I still have no idea what triggered my last episode of burnout, or if there was any particular thing that did trigger it. I think it was probably a combination of things that I hadn’t been paying attention to at the time. I don’t know exactly what happened to snap me out of it. I remember watching a movie one day that made me think I should go back to college. I decided to start taking classes online, and in doing so I regained my ambition to do other things.

I have friends who are curious about why I take so many inventories to the point where it seems obsessive to them. I take inventories of the things I do each day and how those things affect me. It dawned on me the other day that the main reason I do this is because I don’t want to experience burnout again. As much as I try to avoid meltdowns, because my meltdowns can be scary, I also try to avoid longterm shutdowns that might cause me to lose my job (which I can’t afford to lose). I have to be able to function, and I try to maintain my functioning by not wasting too much energy on things that can be let go. Whenever I slip back into focusing too much of my energy on the wrong things, I start to feel burnt out again.
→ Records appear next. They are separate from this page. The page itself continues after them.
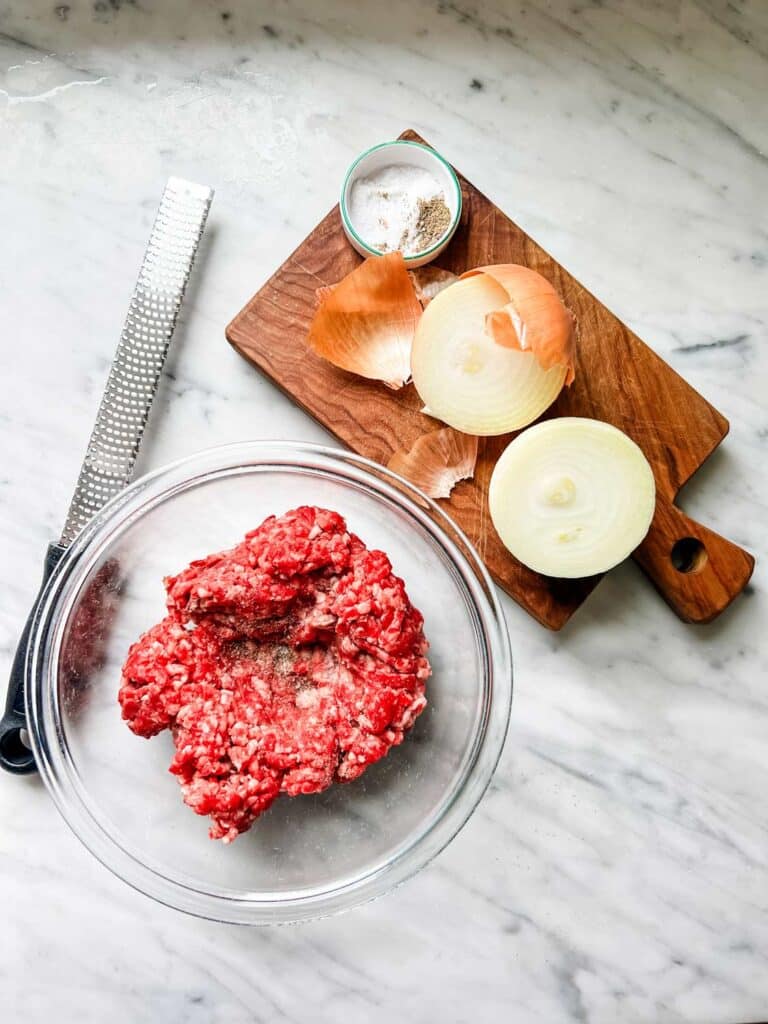 Ground beef in a bowl is ready for grated onion and salt and pepper. These are part of the secret ingredients for making the best grilled burgers.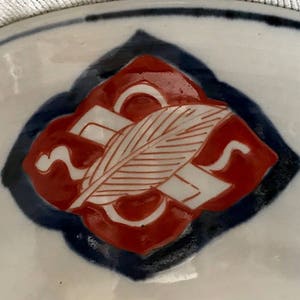 Op de afbeelding: Een close-up van een rood en wit keramisch ontwerp op een wit bord. Het ontwerp heeft een gestileerd blad en een swirl-patroon.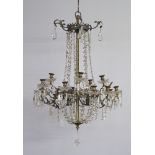 A gilt metal and glass 14 light candle lit chandelier having 2 bulbs to the centre 75cm h x 56cm
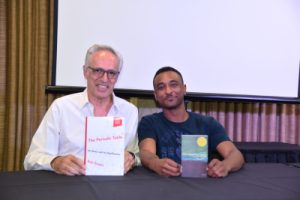 Dr. Eric Scerri and Brandon Blackwell. They're holding up two editions of the book "The Periodic Table" by Scerri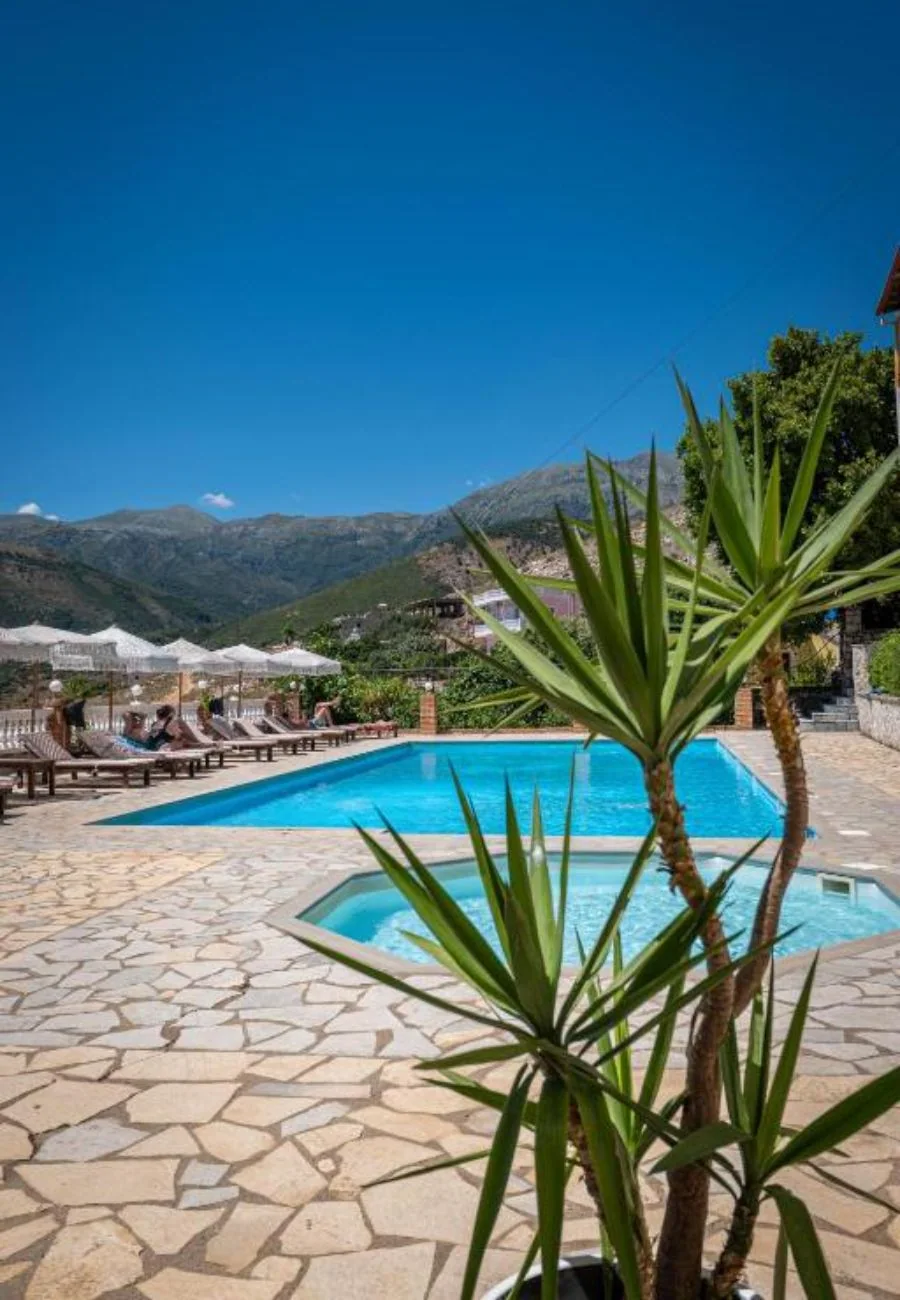 The children's pool in the foreground with a yucca beside it, the long pool behind and the mountains across the valley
I recently read an excellent post on aspie burnout at Planet Autism Blog, which says, “Basically, the higher functioning you are, the more others expect of you and also, the more you push yourself.” I think it’s important not to push myself too hard, because doing so will always cause a result that won’t benefit me.
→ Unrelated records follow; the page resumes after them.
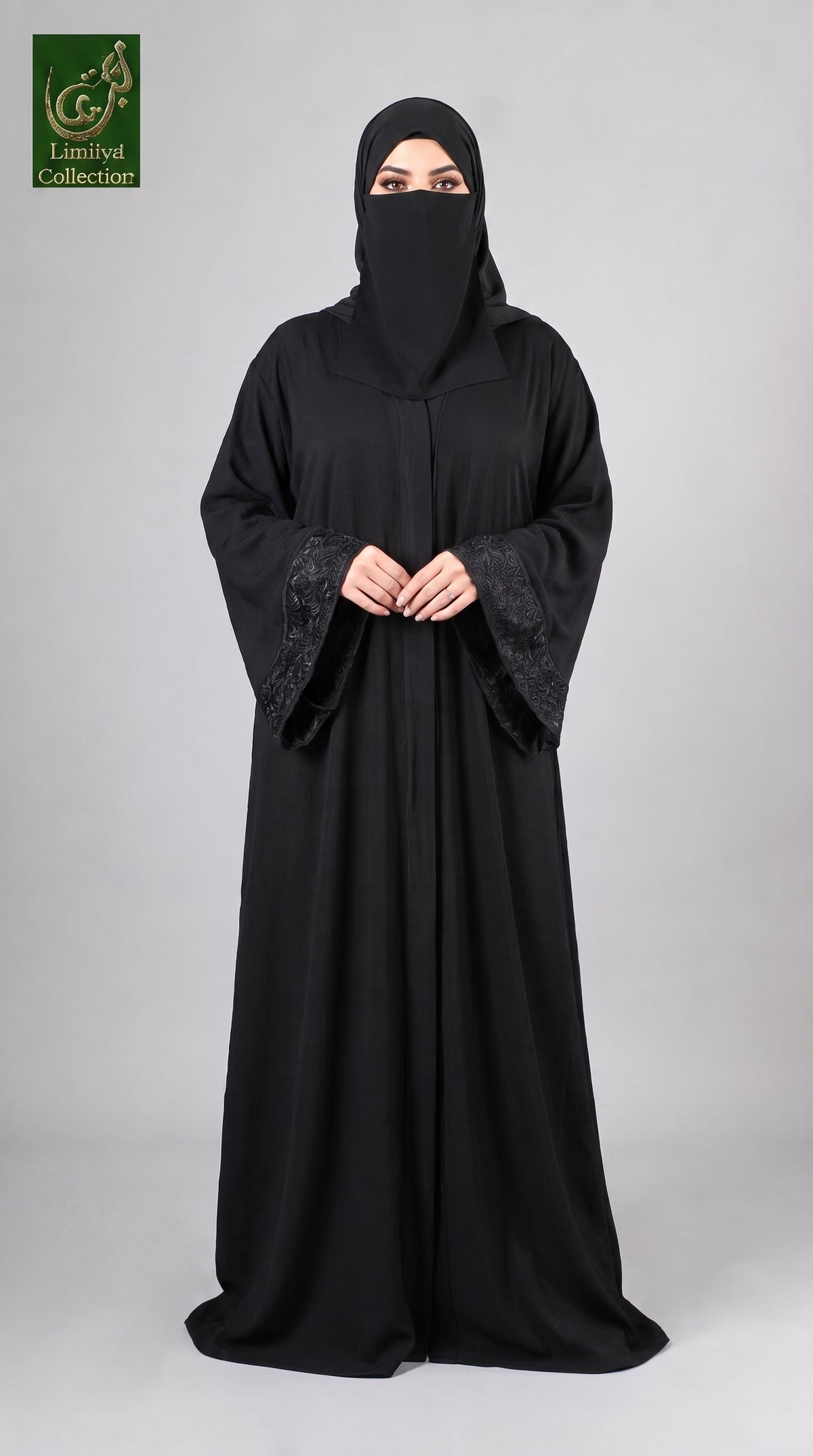 A woman wearing a full-length black abaya with wide sleeves and a matching black face covering, standing against a light gray studio background. A green and gold 'Abayat Limited Collection' logo is visible in the top-left corner.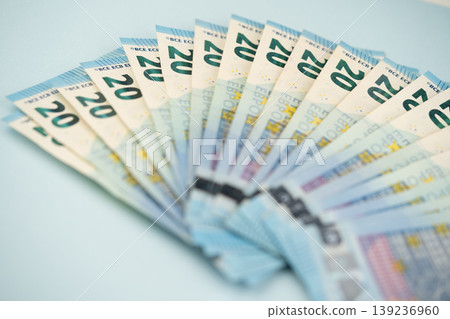 many 20 euro bills on a blue background many 20 euro bills on a blue background 139236960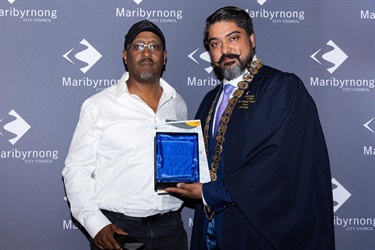 Mayor Cr Pradeep Tiwari presents Azhar Habib, Little Africa Precinct with the Enterprise Maribyrnong Award for New and Emerging Business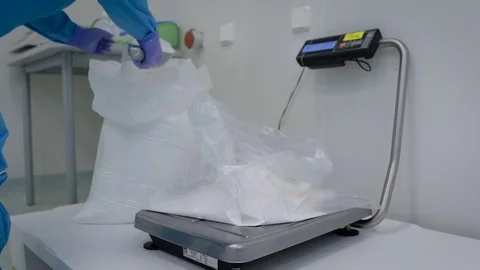 Pharmaceutical production. Working Party forms a chemical ingredient by weight Stock Footage 73729797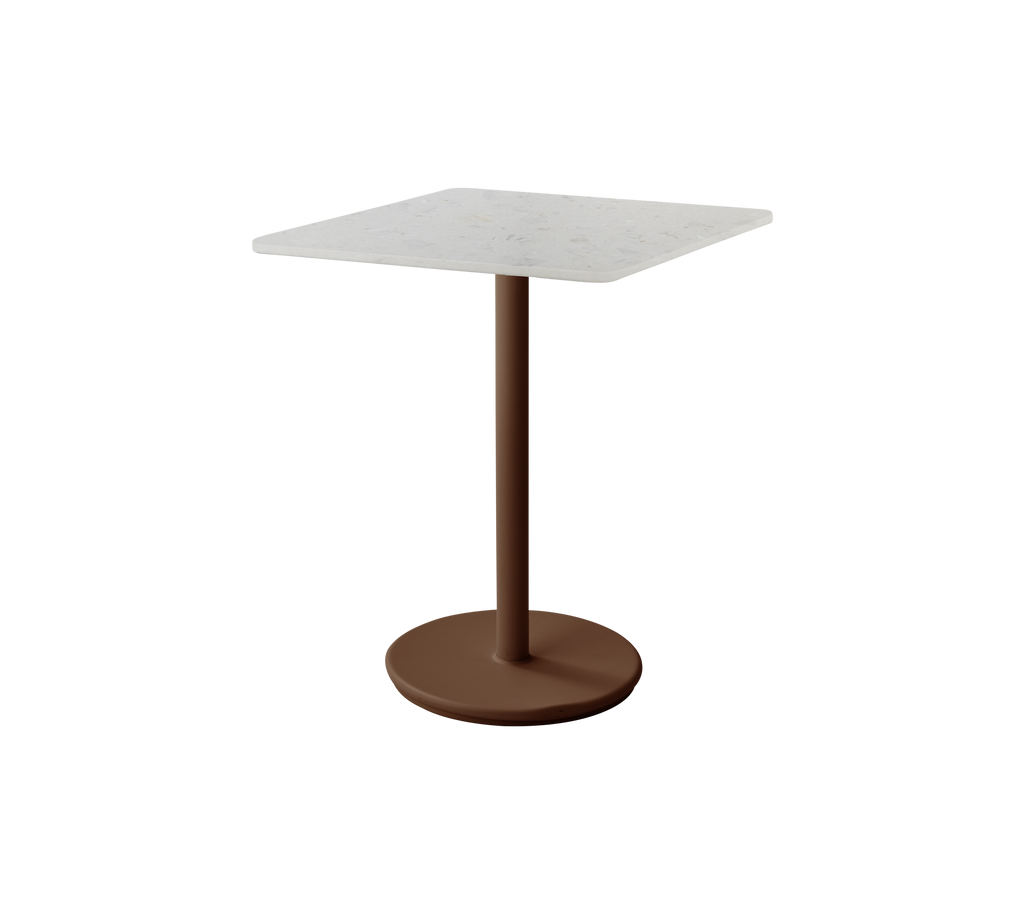 Square table with a desert red base and white top.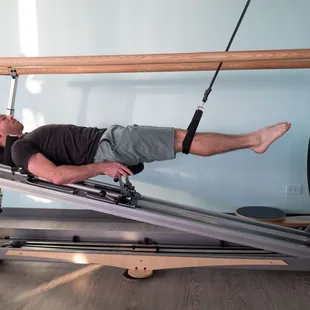 On the GYROTONIC Jumping-Stretching board honing in on proper alignment and mechanics for running and jumping.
If you’ve experienced burnout, I would be interested in hearing what it was like for you as well as any suggestions you have about the subject.

35 Comments

  1. And the thing is, that when you don’t know or recognise the reasons you are feeling overwhelmed, you tend to think everyone feels like that and wonder why life is so hard. You are incrementally building up bits and piece of triggers without realising, until it all hits you. People with alexithymia (common on the spectrum) struggle to even recognise, let-alone identify what they are feeling, so it’s even harder to identify an impending burnout. The bottle of fizz is just gradually filling up until the lid pops off. It’s either meltdown or shutdown or burnout when the bottle has been shaken up one time too many.
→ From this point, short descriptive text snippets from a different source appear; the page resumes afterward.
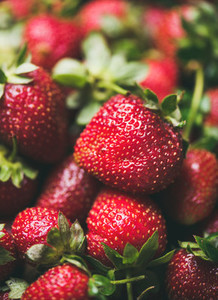Fresh strawberry texture wallpaper and background selective focus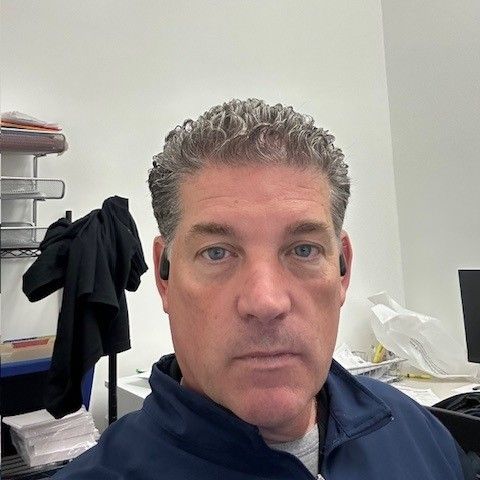 Man with curly gray hair, wearing a dark blue jacket, looking at the camera indoors.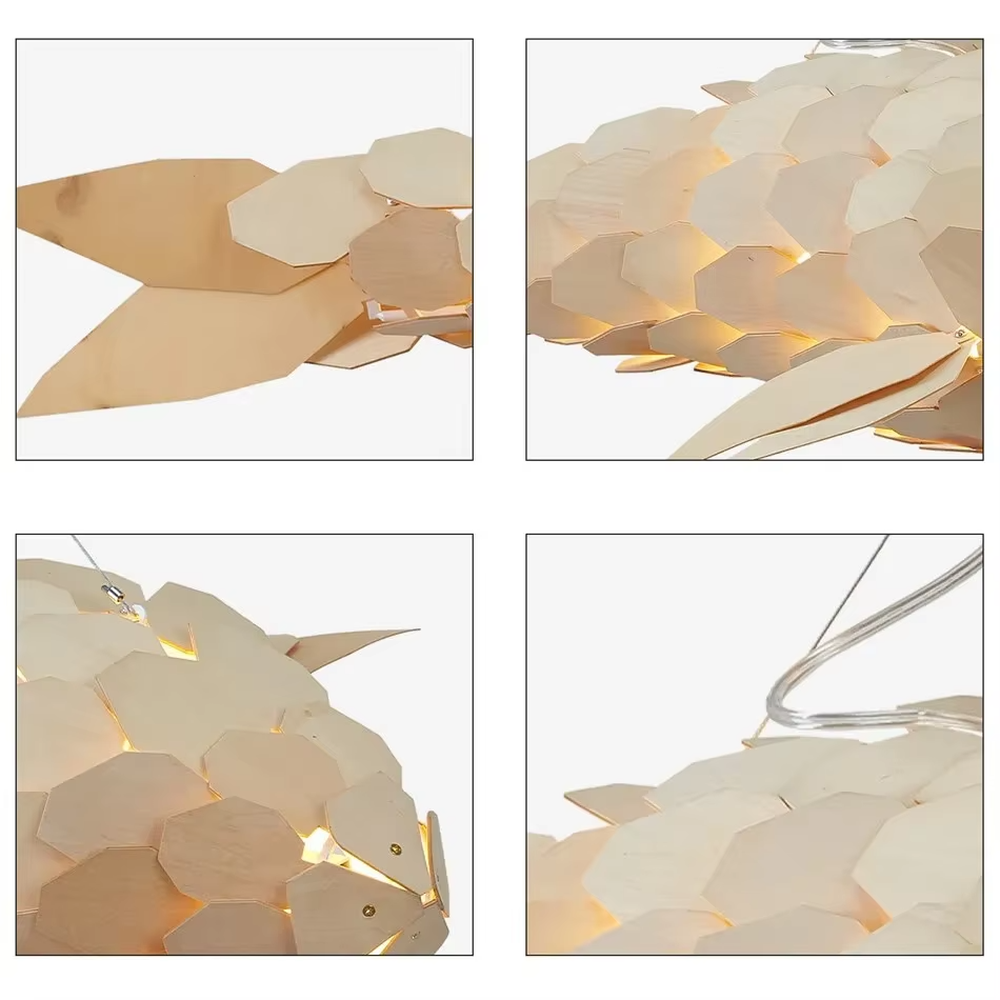 This is an artistic golden fish-shaped chandelier with a golden scale structure in the shape of a fish, featuring a flexible and artistic design. It is used for space lighting and decoration, creating an artistic luxury atmosphere. It is suitable for new Chinese-style home living rooms, creative restaurants, art soft decoration spaces and other places.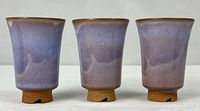Front view of three matching Hagi Yaki tumblers showing glaze and notched feet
    • Yeah – I have this sense of shame about it. “Other people manage, why can’t you?” Well because I’m different to most other people. Then I start feeling like I’m “making excuses for being lazy.” Life is hard. I think I try an awful lot to find answers, logic, reasons. And I need to accept that I do that. “You think about it too much.” God, I have this cast of judgemental people in my head!

  2. I had that a lot when I was working a full-time job for a lawyer’s office. I was not “out” as Aspie so I was spending a lot of energy pretending to be neurotypical. I had also gone through a period of almost a year of being very sick and still working. I think the tension was building and building until I got called into the office and was told I was being laid off. I was the only person in the group (8 were laid off total) that just smiled and never asked why. It’s been a bit of a struggle ever since finding work, but it was kind of a relief to leave there. There’s no hard feelings (well maybe one or two, but not many) with them.

  3. I have only just realised that I am going through this now. I am almost 40 and have a 4 month old baby. I had got most of my way through my diploma before my son was born. Now I suffer anxiety attacks, can’t seem to get back into my study despite it being an area of interest. I have lost interest in my interests and struggle to want to go out. I’m not depressed or fearful, it’s something different, something I have been able to put a name to, until now, I think it is burnout.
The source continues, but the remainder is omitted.